0

I have this code that assigns each time different set from the list in the train and test set. I am struggling to understand the code.

df_list = [df1, df2, df3, df4, df5, df6]
for i in range(6):
    train = pd.concat(df_list[0:i] + df_list[i+1:])
    test = df_list[i]

Does it say that it goes from df1[0] all the way until df6[5] and add to this every time one df?

Can you please help me to understanding the code?

deadshot
  • 8,881
  • 4
  • 20
  • 39
redplanet
  • 65
  • 7
  • https://towardsdatascience.com/the-basics-of-indexing-and-slicing-python-lists-2d12c90a94cf – Joe Apr 07 '20 at 11:04
  • https://stackoverflow.com/questions/509211/understanding-slice-notation – Joe Apr 07 '20 at 11:05

2 Answers2

0

For example, if i == 1, train will contain pd.concat(df_list[0:1] + df_list[2:]) that will become pd.concat([df1, df3, df4, df5, df6]) and test will contain df_list[1] that become df2.

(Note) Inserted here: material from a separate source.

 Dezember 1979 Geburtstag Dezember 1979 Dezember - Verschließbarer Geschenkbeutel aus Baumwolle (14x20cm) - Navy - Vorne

So generally, in each iteration train will contain each dataframe in df_list except the dataframe at ith index and test will contain the dataframe at ith index.

Raf
  • 1,628
  • 3
  • 21
  • 40
deadshot
  • 8,881
  • 4
  • 20
  • 39
  • hi thanks for the answer. Just to understand. when you say train will contain each data frame in df_list except the data frame at i th index you mean both the places where i is? train = pd.concat(df_list[0:i] + df_list[i+1:]) – redplanet Apr 07 '20 at 10:33
  • `pd.concat(df_list[0:i] + df_list[i+1:])` this will never include`i` because `df[0:i]` in this `i` is exclusive and other part `df_list[i+1:]` it will never include `i` because it will always start from `i+1` – deadshot Apr 07 '20 at 10:43
  • one last question, please when i=2 we have df_list [0:2]. so here we take df0 and we exclude df3 which is the position 2 right? then we say df_list[i+1]=3:) which means that we take df4 which is the position 3, and then df5,df6 which are in the position 4.5 so we concat we take df0 +df4+df5+df6 for the train df3 goes to test set where is df2. i am confused – redplanet Apr 07 '20 at 10:59
  • oh when we say df_list [0:2] we take 0,1 and we exclude 2 right? – redplanet Apr 07 '20 at 11:01
  • @redplanet yeah `df_list[0:n]` in this `n` will always excluded – deadshot Apr 07 '20 at 11:04
-1

although i'm a beginner at python, I think the code train = pd.concat(df_list[0:i] + df_list[i+1:]) needs to be indented so its part of the i.

the meaning of the code is that from 0 to i (max is 5 because of the range) pd.concat (a function that is possibly imported and called upon here) from the variable df_list 0 to whatever i is in the loop and from the variable df_list i+1 and store that result as the variable test.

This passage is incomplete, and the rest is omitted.